Ataturk and Turkish Independence Essay

  • Length: 3 pages
  • Sources: 3
  • Subject: History - World War I
  • Type: Essay
  • Paper: #68551640

Excerpt from Essay :

Ataturk's Influence On The New Turkish Republic And Village Institutes

Mustafa Kemal Ataturk, or "Father Turk," is credited with being the father of the modern nation of Turkey. At the beginning of the twentieth century, Turkey did not exist as we know it today. Its territory was part of the Ottoman Empire, a conglomeration of different ethnicities and religions of various tribal affiliations. Under Ataturk's vision and leadership, a new nation emerged. He was spurred on by the growing nationalist movements sweeping across Europe. Ataturk was fundamentally a modernist, which can be seen in his efforts during World War I, his personal philosophy and lifestyle, and also the secular reforms which he implemented during his reign, including those in education.

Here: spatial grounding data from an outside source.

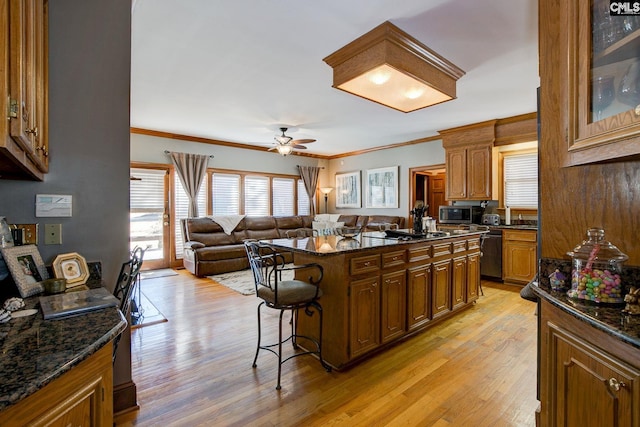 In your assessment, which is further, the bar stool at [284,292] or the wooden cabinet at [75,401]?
the bar stool at [284,292]

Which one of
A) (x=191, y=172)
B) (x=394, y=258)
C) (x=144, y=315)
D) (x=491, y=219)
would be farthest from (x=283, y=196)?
(x=394, y=258)

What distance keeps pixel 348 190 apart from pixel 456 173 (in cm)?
322

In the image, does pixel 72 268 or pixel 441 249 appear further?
pixel 441 249

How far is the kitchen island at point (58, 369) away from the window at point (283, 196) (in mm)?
6818

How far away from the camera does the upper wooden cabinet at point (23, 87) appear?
0.89 m

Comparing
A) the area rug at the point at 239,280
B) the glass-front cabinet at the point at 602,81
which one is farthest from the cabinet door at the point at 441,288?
the area rug at the point at 239,280

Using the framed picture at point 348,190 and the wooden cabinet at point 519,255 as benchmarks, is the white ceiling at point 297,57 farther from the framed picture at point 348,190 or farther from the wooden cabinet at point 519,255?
the framed picture at point 348,190

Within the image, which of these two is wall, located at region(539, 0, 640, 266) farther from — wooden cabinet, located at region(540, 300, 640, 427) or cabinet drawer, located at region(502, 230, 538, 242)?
cabinet drawer, located at region(502, 230, 538, 242)

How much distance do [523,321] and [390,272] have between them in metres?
1.87

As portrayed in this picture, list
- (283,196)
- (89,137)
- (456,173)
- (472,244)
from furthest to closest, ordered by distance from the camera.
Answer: (283,196) < (456,173) < (472,244) < (89,137)

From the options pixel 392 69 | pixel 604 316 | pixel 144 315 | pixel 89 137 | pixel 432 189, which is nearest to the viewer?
pixel 604 316

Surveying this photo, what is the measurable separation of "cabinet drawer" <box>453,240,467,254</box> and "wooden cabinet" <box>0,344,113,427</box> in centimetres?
318

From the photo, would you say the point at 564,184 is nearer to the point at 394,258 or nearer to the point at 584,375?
the point at 584,375

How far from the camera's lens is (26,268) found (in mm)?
1450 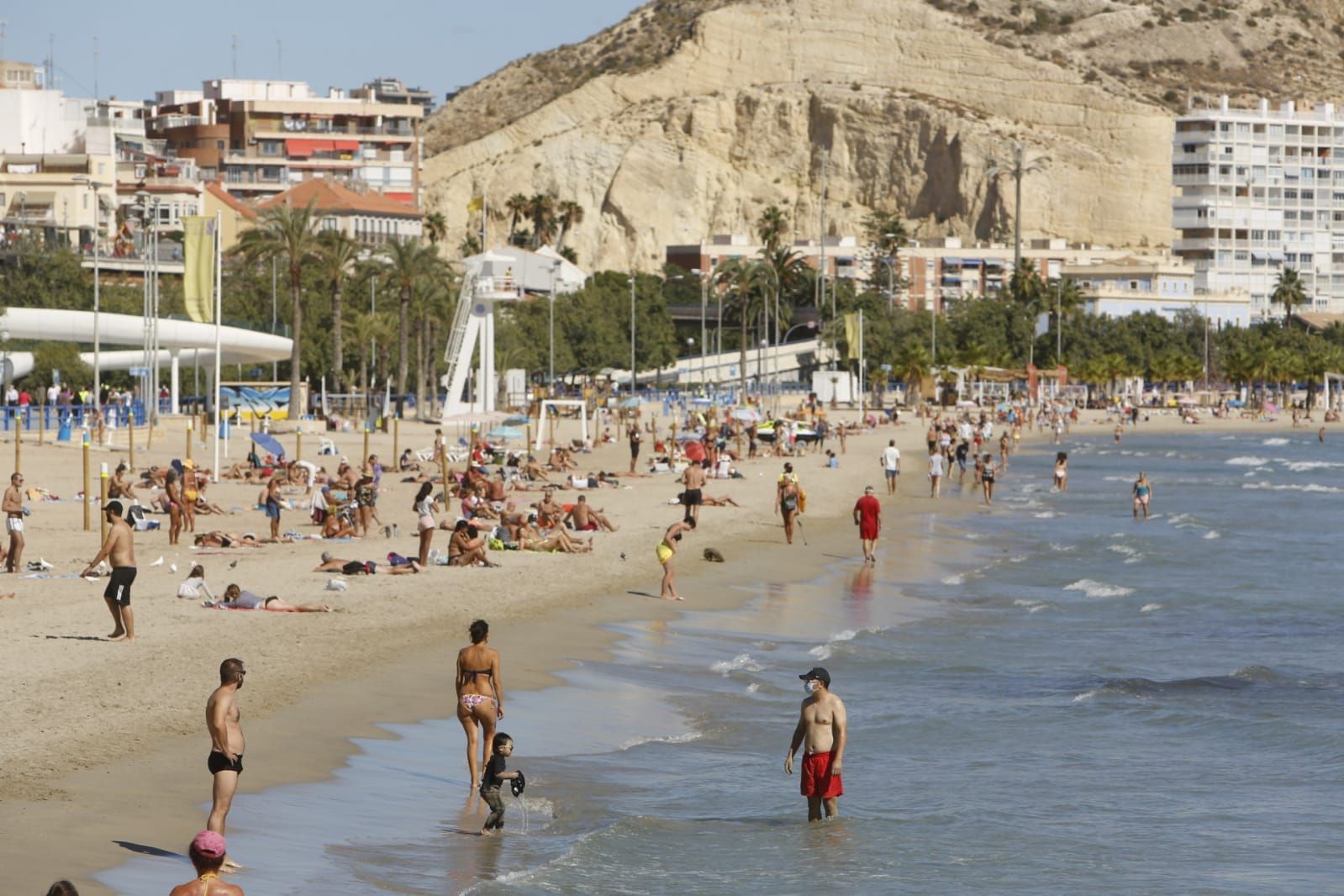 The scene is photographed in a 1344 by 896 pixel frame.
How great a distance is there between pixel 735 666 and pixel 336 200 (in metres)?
99.1

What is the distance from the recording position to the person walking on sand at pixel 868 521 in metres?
29.6

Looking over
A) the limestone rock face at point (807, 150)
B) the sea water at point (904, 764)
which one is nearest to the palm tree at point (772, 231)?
the limestone rock face at point (807, 150)

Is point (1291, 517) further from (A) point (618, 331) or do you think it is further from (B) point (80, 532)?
(A) point (618, 331)

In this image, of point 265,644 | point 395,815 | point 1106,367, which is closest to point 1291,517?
point 265,644

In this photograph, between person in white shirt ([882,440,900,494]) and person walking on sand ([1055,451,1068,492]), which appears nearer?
person in white shirt ([882,440,900,494])

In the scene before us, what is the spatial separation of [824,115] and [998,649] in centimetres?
15196

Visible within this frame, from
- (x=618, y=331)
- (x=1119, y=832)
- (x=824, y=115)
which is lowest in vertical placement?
(x=1119, y=832)

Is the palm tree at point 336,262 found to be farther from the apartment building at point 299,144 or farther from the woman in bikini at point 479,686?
the apartment building at point 299,144

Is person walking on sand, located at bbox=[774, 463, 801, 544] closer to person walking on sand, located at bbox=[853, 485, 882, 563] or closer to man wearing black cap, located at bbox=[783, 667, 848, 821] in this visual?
person walking on sand, located at bbox=[853, 485, 882, 563]

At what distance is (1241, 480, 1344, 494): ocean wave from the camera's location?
54.4 metres

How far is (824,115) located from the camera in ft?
559

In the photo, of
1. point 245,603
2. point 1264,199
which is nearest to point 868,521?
point 245,603

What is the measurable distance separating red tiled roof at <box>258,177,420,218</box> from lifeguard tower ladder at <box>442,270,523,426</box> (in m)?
54.0

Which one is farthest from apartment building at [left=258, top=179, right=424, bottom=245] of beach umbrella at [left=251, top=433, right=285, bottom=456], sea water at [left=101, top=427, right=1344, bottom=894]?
sea water at [left=101, top=427, right=1344, bottom=894] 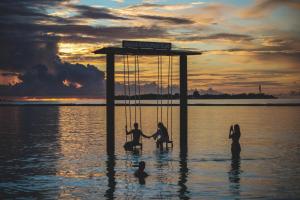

Even before World War I, the Ottoman Empire was known as the Sick Man of Europe. It was corrupt and weak. While studying at the war college of the Empire as a young man, Ataturk's nationalist ambitions were fostered as he became more fully acquainted with the incompetency of the Ottoman regime. The young Ataturk along with his other military students was forced to pray to the Sultan as well as God. He was also prohibited from drinking and engaging in other Western practices that conflicted with the literal teachings of Islam. These early experiences likely fostered his resistance to institutionalized religious compulsion, particularly by the state, although his mother had hoped that her young son would follow a religious vocation.

Eventually, Ataturk was exiled to Damascus as a result of his perceived insubordination, which only strengthened his resolve to resist backward ideas. Ataturk continued to be in conflict with the ruling powers of his nation in his opposition to Germany; despite this fact, he was forced to fight for Germany and against Russia during the war. Still, Ataturk had a major influence in the stunning defeat of the British Navy by the Sick Man of Europe. He distinguished himself repeatedly in his military leadership. Despite the fact that he fought for the Ottoman Empire, Ataturk's ideas about what constituted an ideal new nation-state remained unwaveringly secularist and influenced by his belief that the religious constructs which governed the Ottoman Empire were misguided. Later, Ataturk, after he ascended to leadership of the new nation of Turkey would say: "Religion is an issue of conscience. Everyone is free to conform to the commands of their conscience. We show respect for religion...We are only trying not to mix religious affairs with the affairs of the nation and the state" (Ataturk - Republic of Turkiye (Part 2), 2007).

Thus from the beginnings of his career in the military and later as a revolutionary supporter of resistance and independence, Ataturk was a secularist. When he assumed leadership of the new nation, he promoted equal education, modern dress,…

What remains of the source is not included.